About this task = An exact reproduction is required of the lines from the beginning of the entries through the line with "Roxane Mesquida as", pictures excluded and nothing added.

Data extracts =
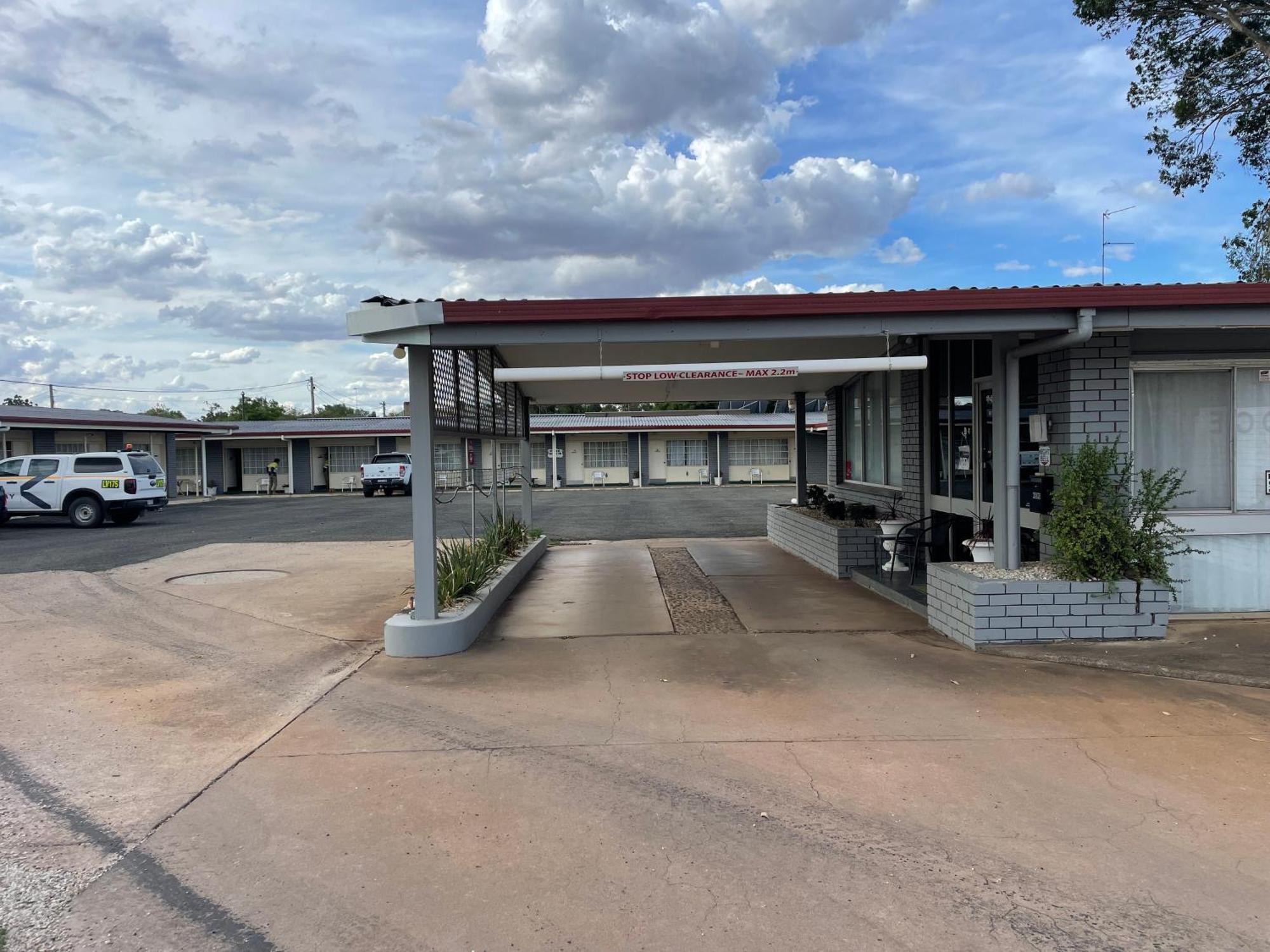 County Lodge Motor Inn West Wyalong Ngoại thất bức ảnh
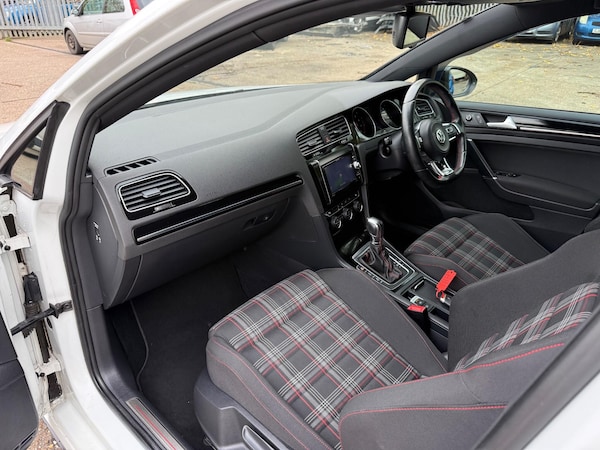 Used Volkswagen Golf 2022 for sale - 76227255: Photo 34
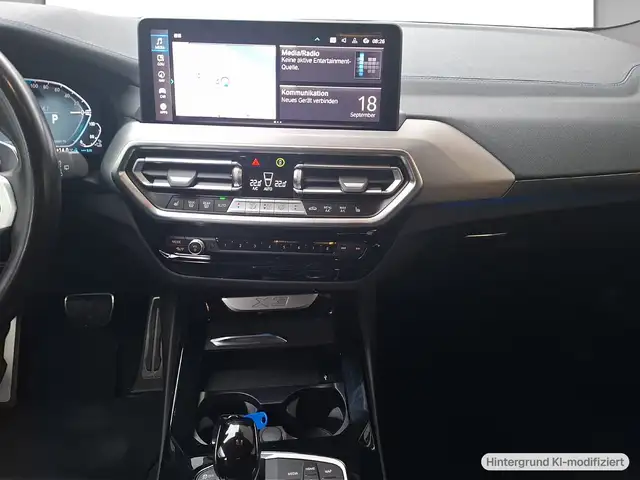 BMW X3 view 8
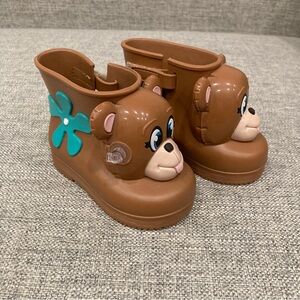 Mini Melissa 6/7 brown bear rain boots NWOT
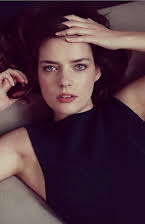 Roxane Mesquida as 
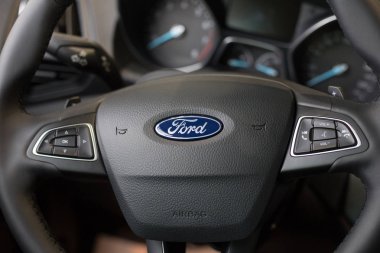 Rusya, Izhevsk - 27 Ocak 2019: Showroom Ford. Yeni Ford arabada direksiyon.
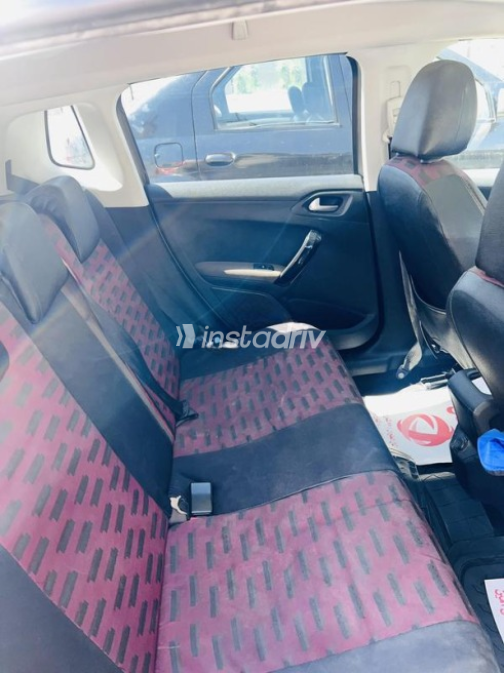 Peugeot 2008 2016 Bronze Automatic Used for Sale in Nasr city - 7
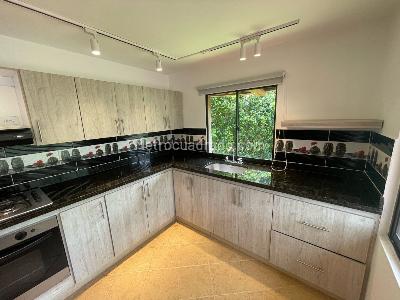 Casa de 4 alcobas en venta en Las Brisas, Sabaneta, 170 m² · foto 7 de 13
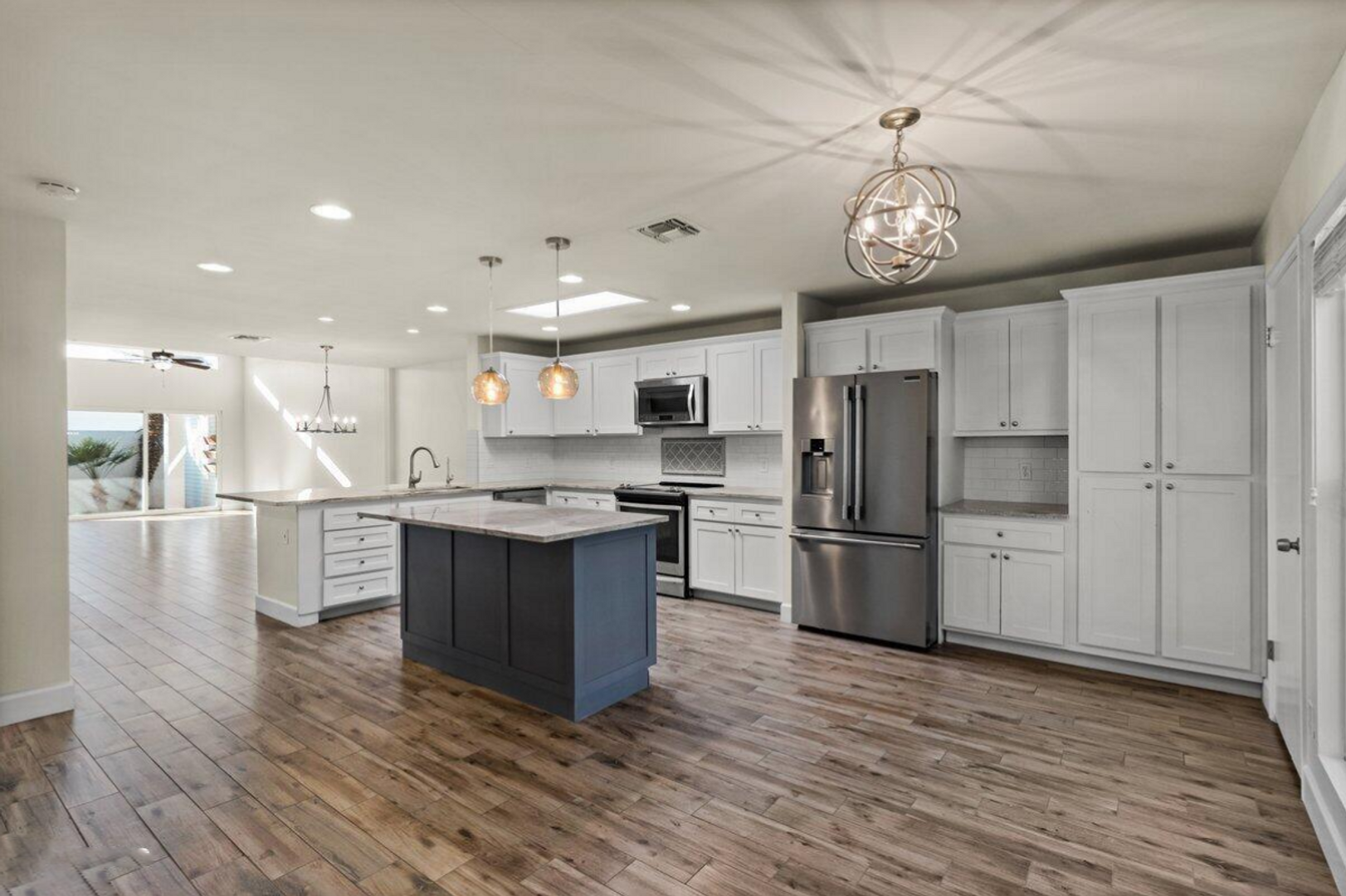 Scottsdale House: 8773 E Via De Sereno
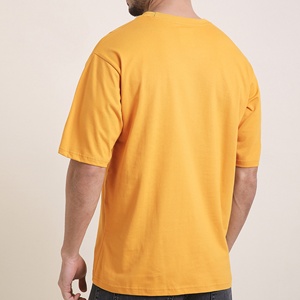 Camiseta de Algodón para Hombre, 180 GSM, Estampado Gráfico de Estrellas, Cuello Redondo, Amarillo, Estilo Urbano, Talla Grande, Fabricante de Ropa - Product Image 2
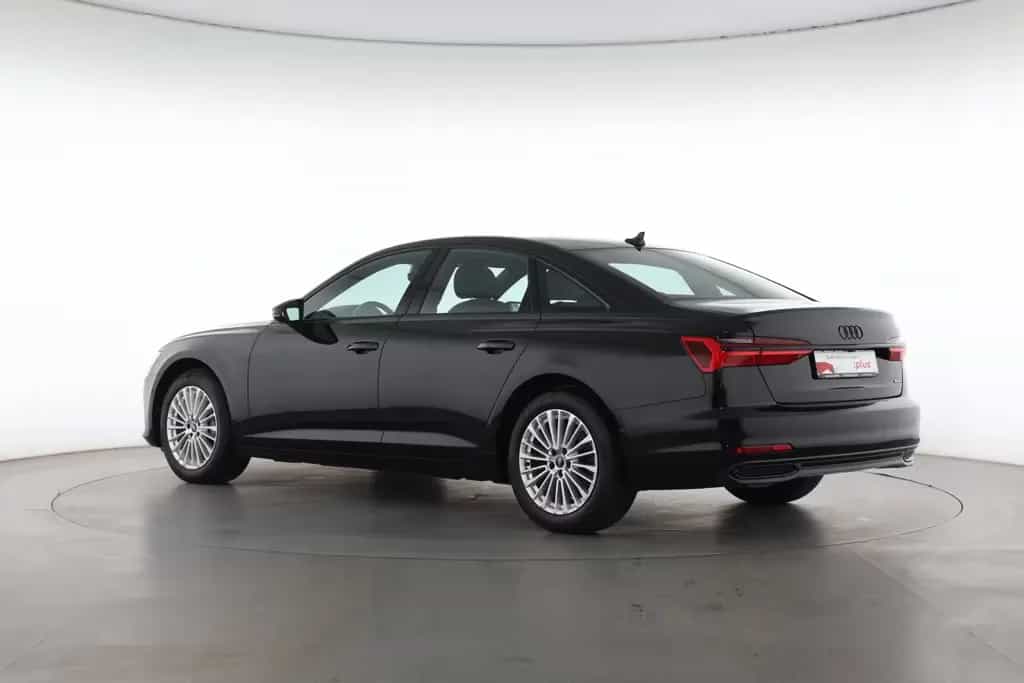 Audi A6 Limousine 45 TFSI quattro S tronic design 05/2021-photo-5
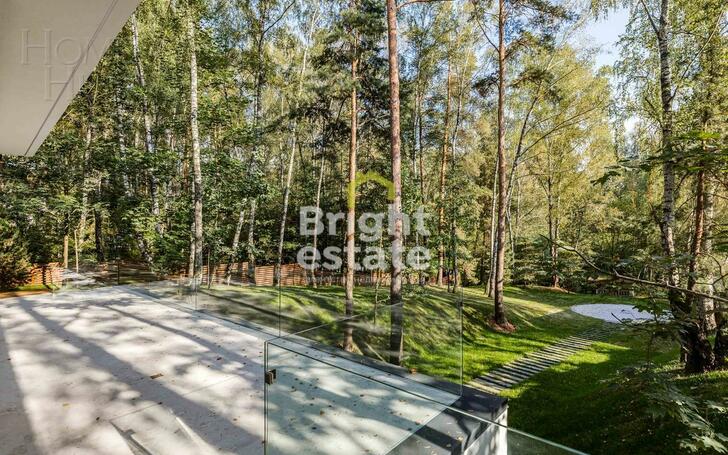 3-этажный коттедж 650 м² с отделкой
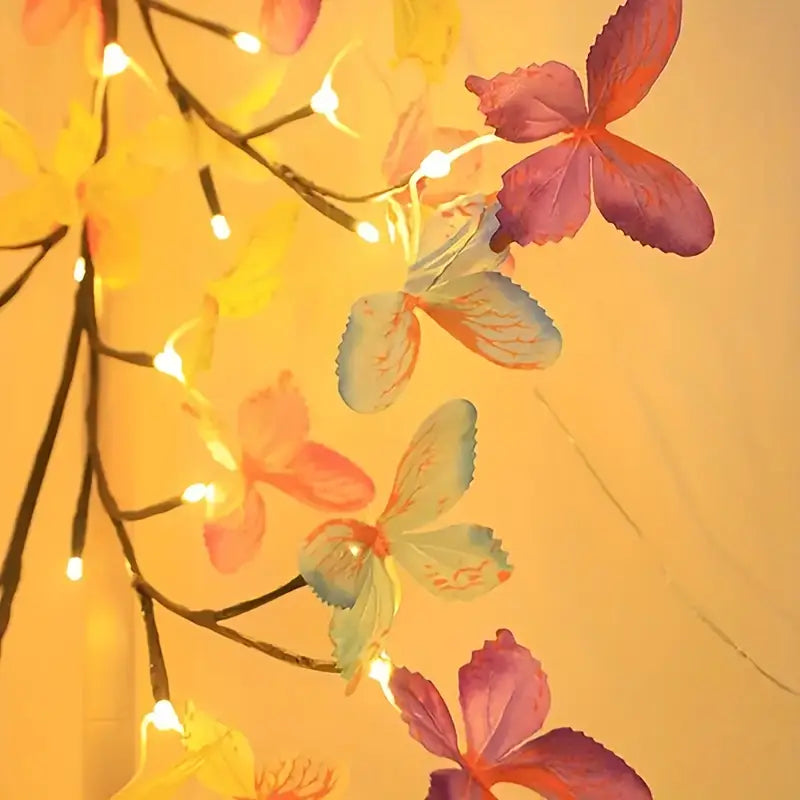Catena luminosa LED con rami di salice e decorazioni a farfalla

Answer to the exercise =
 County Lodge Motor Inn West Wyalong Ngoại thất bức ảnh
 Used Volkswagen Golf 2022 for sale - 76227255: Photo 34
 BMW X3 view 8
 Mini Melissa 6/7 brown bear rain boots NWOT
 Roxane Mesquida as 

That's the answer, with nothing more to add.